Sunday, March 2, 2014

Cold and Old

For the last six weeks, we have had a long cold spell with only a few breaks. The temperature has varied between about -18 and -35 degrees Celsius. However this weekend, it also has been windy, with a wind chill factor of -40. Minus 40 is the same in both the Celsius and Farenheit scales. At minus 40, exposed skin freezes in 10 minutes. 

However, it is the weekend, and I was getting stir crazy from being cooped up indoors. So Kate  (our dog) and I went out walking. Yesterday was a gloriously sunny day with a brisk wind, wind chill of minus 40, and we managed a 40 minute walk. Today, it has snowed steadily. We went out at the warmest part of the afternoon, -19 on the thermometer with a moderate wind. We stayed in the residential area rather than venturing out on the exposed hills, and this time I bundled up better with long underwear, fleece, a down jacket, warm toque and gloves, and a scarf. When the wind was sharp, I pulled the scarf up over my nose and mouth. 

Kate was eager for each walk, but also happy to arrive back home to warm up. The photo below, snapped near the end of our half-hour walk today, shows her with icicles on her chin. Her feet were getting cold as well and she started to hobble on 3 feet. But what the heck - we are hardy Northeners, and her feet were fine once she warmed up.


Or, maybe we're not so hardy. Now that I am in late middle age, I find I have much less tolerance for the cold. My lips are chapped. Every joint and muscle aches. The skin on my fingers cracks and bleeds. I have exema on the insides of my elbows. Whine, whine. I don't like to admit to this softness. 

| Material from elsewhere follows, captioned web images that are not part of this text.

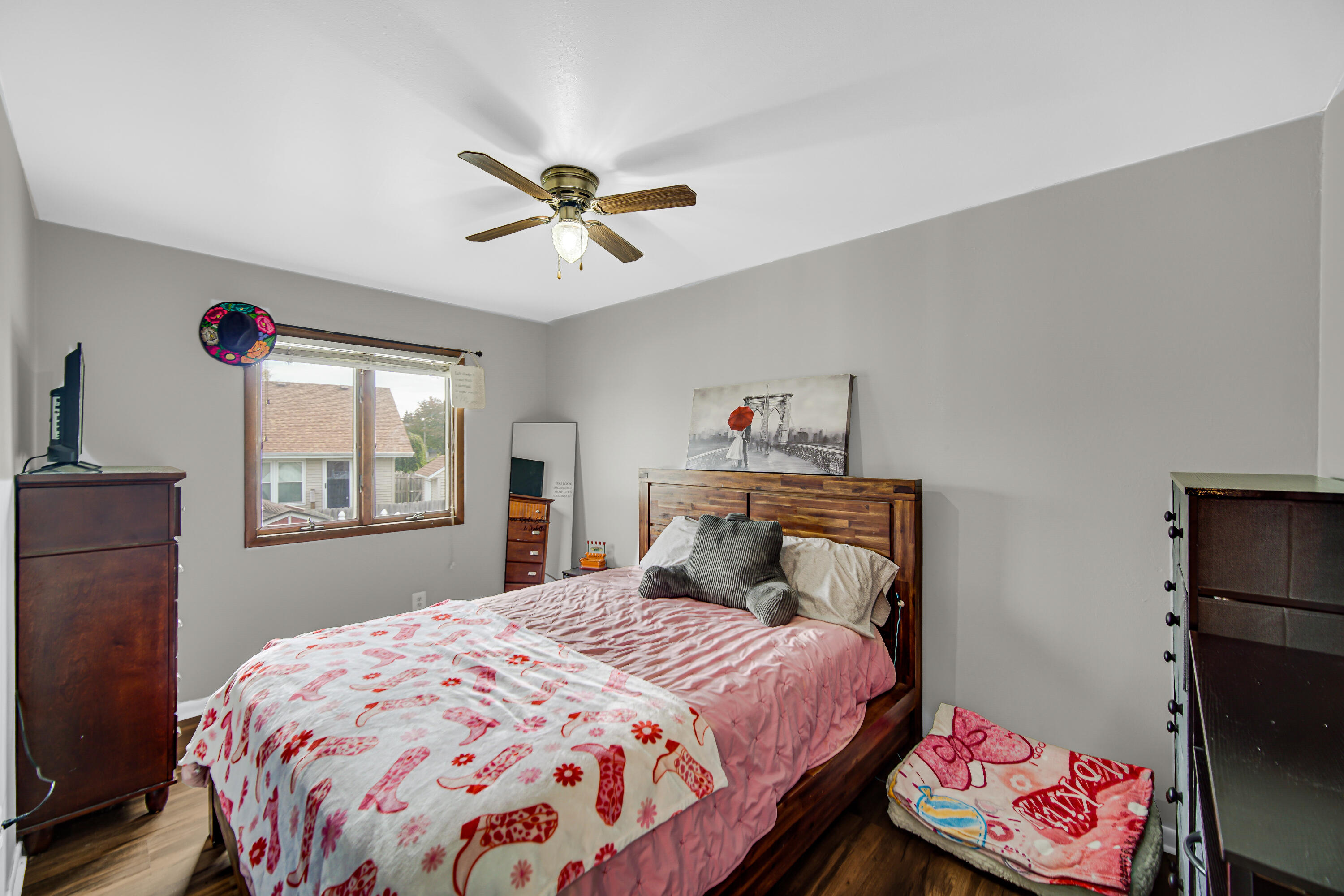 9017 Mathews Street Crown Point, IN 46307 - Photo 17 of 20 a bedroom with a bed and a chandelier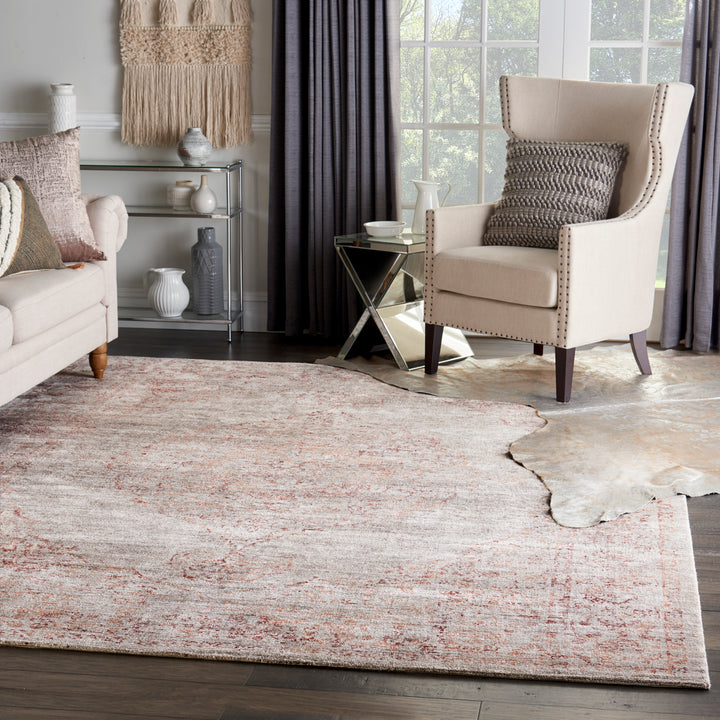 Stylishly decorated room with abstract rug, high-back chair, and decor.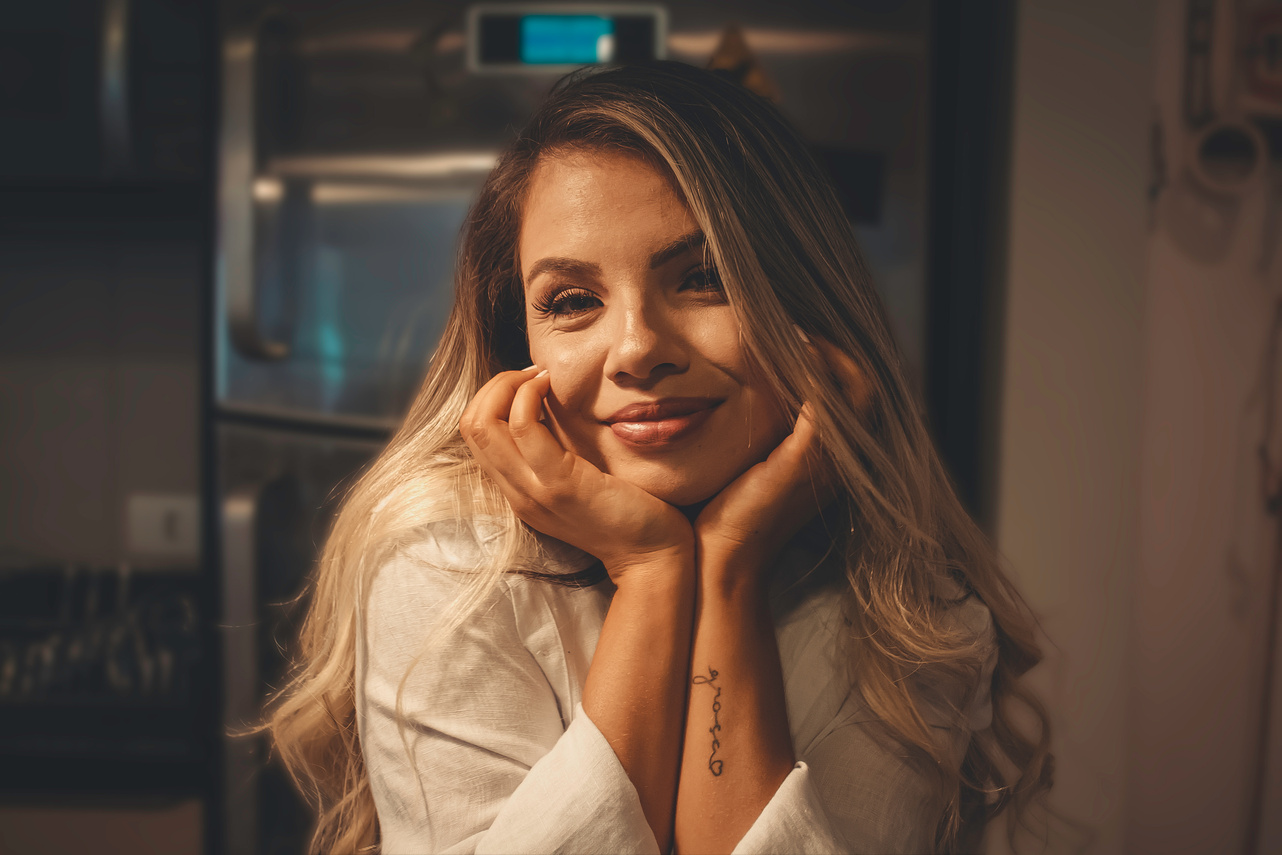 A Blonde-Haired Woman in White Top Smiling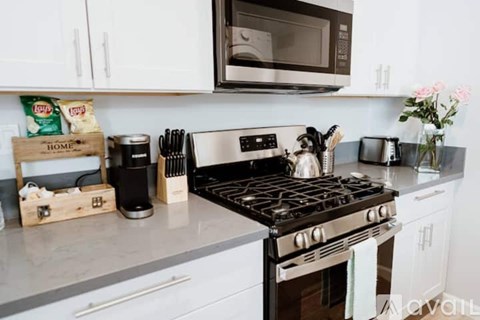 A kitchen with a black stove top and white cabinets.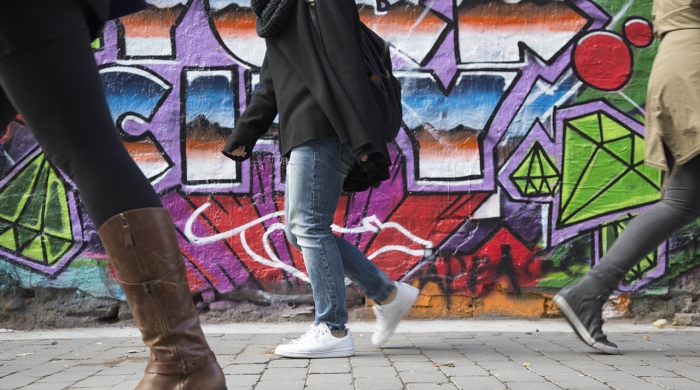 Pedestrians walking past graffiti on an East Village wall
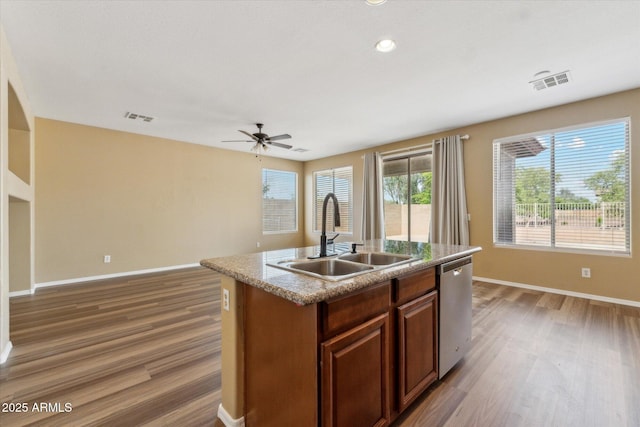 kitchen with a sink, stainless steel dishwasher, wood finished floors, baseboards, and recessed lighting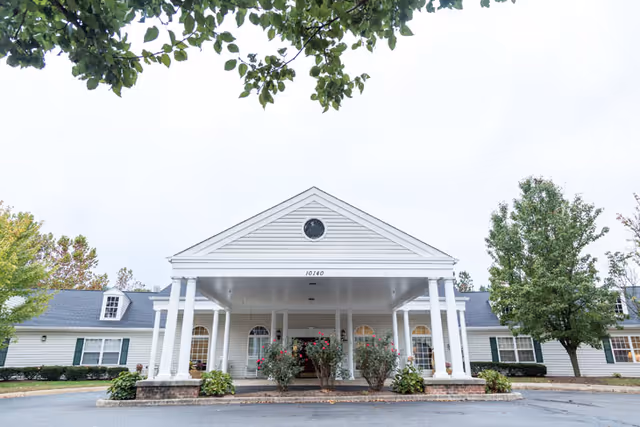 Front exterior view of a single-story building with white siding and a covered entrance supported by white columns. The building has a triangular pediment with a circular window and the number 10140 displayed. There are bushes and trees around the entrance and a paved driveway in front.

Growing up in northern Canada, cold winters were the norm. Winters were longer and colder back then, and we went outside to play except in the very coldest weather. We walked to school and back, a distance of about a kilometre each way, and to town with my mom to buy groceries. 

When I was a child, we did not have the wonderful fabrics that we have today: fleece and down and technical base layers. We wore ankle height lined rubber overshoes over our leather school shoes, or hand-knit woollen socks in lined gumboots. We had knitted toques and mittens that never failed to become soaking wet while we played in the snow building forts, making snow angels, and dragging the younger children on the toboggan on imaginary pioneer trips into the bush. We tolerated the cold and went on with our lives. That was just the way it was.

Balaclavas, familiar now as gangster attire, became popular as I reached my teen years. They covered the face, protecting the cheeks and nose from freezing. I have frozen my cheeks and nose and ears, and understand to value of covering exposed flesh. However, as a teenaged girl, I refused to wear a balaclava except in the most extreme circumstances, and only if none of my peers would see me. I remember my breath freezing on the wool near my nose and mouth and the feeling of wet wool and ice against my face, chapping the skin.  

Nowadays, we have grown soft. We run from our warm, centrally heated homes to our pre-warmed cars, and from the cars to warm malls or office buildings. People just don't go outside except in perfect weather, unless they are skiers or snowmobilers. Yesterday, in 40 minutes, I only saw one other person outside - a bundled up man also walking his dog. He greeted me effusively. Mostly I saw people whizzing by in cars, craning their necks to look at me (that fool walking a dog!). Today, I saw two men outside shovelling their walks. I certainly did not see any children playing out of doors. 

Cold weather. I do not like it anymore. However, I am old enough to remember cold winters as way of life.